Tuesday, March 18, 2014

Hammock Weather

Today feels like proper spring. It'll probably get too hot inside in the afternoon, and will probably not be this nice tomorrow, but right now, at noon, I want to string up a hammock and take a nap in the sun and feel the light, cool breeze over a fuzzy blanket.

Monday, March 17, 2014

Puzzle Pieces






Once again these "feel good" snippets aren't meant for the deeply depressed and truly broken. They're meant for normal people to pat themselves on the back about how well they handled that sharp curve, that bump in the road. Thing is, those people come equipped with good shocks and suspension systems so that they CAN handle the normal roughness of life's roads. Some of us have broken shocks and we don't know how to fix them.

The problem with simply "rebuilding myself" is that as I was being chipped away, the pieces were stolen from me, hidden, sometimes replaced with pieces that weren't mine, sometimes waved in front of me with the insistence that they were wrong or undesirable or sinful. I don't have all the pieces I need, and some of what I do have aren't even the same puzzle.

Oh, and I don't have any superglue either, so these pieces are just going to get scattered again when the next pothole reminds me of my broken shocks.

Thursday, July 18, 2013

Bad Wife

Today was the first day all week that I got my husband off to work with a packed lunch. I almost felt proud about that, but sure enough, the broken record piped up immediately with "Well you should have been doing that every day this week. You're a bad wife. You stay at home and do--what, exactly?--all day, and you can't even feed him?"

And now my toddler is crying for gods know what and I can't find my give-a-damn. She has her favorite snack, a sippy cup of juice, two loveys and a video playing, and she isn't happy.

Sunday, July 14, 2013

A Good Thing

This one actually took 10 minutes and concentration for me to find the downside: My daughter cleans up after me.

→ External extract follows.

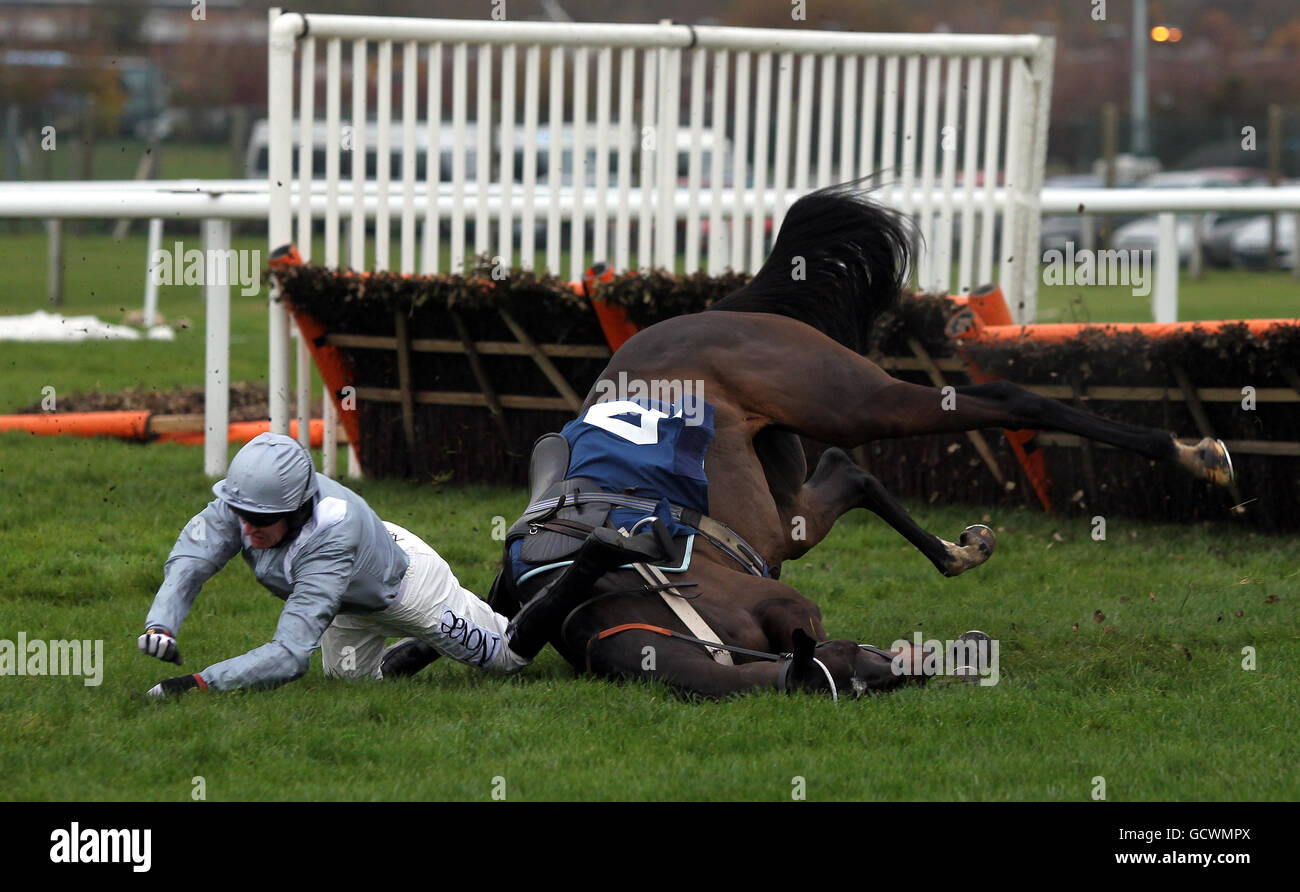 Barry Geraghty et Line Freedom tombent pendant la E.b.F. L'obstacle « National Hunt » novices de Mares à l'hippodrome de Newbury, Berkshire. Banque D'Images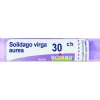 Boiron Solidago Virga Aurea Granuli 30Ch Tubo 4G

Well, not really after me. She just put something where she thought it was supposed to go, and she was right. Once again, last night, her diaper leaked. We need to go up a size, but we still have the 3s to get through first. When she woke up, I took the full diaper off her, cleaned her up, and took her back to bed with me. I forgot about the diaper, left out on the floor.

Three hours later, I finally decide to put a new liner in the diaper pail (as it has sat empty for two days now; when I take it out, there's still room in the resealable bag, so I've just been taking diapers to the trash can and slipping them in the already-full diaper bag there). Opening up the front door of the pail, I find a small pile of dry diapers in it--on top of the fat wet one from this morning, folded over on itself. Diapers go in the diaper pail, duh.

So what's the downside? If she keeps this up, I'm afraid I'll fall into a habit of letting her clean up everything, and then I'll turn into a lazy slob. Yeah, I know it's reaching.

The More List-y List

Sidetracked when I tried to make a list. I'll either have to update this post, or post updates, because otherwise I'll just revise and rewrite and never post.

Driving. I prefer to drive, because I feel out of control when my husband drives, and sometimes unsafe because "I would have started braking earlier" or something else relatively minor. Just because it's not what I would do, it's wrong. That comes from my father insisting that every detail be done "right," which of course meant "his way". It took me years to realize the difference. I'm afraid I'll be that picky and demanding when my daughter gets older.

My hair. I mentioned this one earlier. Even though I really do have control over it, I insist that I don't. I'm not sure why, or why I would be scared of being in control. Maybe because the person with all the control also takes all the blame when it goes wrong.

Money. It has never been in my control. For a while, before the baby was born, I kept a ledger and paid all the bills, but that's the most control I could pretend I had.

Saturday, July 13, 2013

The List

I cut my hair yesterday. Another tooth broke on my hair clip, and I discovered that was the last straw for me. I have hated dealing with the weight, the heat, and trying multiple times every day to get the stupid twist just right to get the stupid clip on.

It's one of the few things I feel I have control over, but even so, I don't really. I foist some of it onto my husband, because after all, he's the one who has to look at it every day, right? Even though he doesn't want "control" over my hairstyle, I still ask his opinion and then give it more weight than he thinks it should have.

I think I get scared when I actually have full control over something.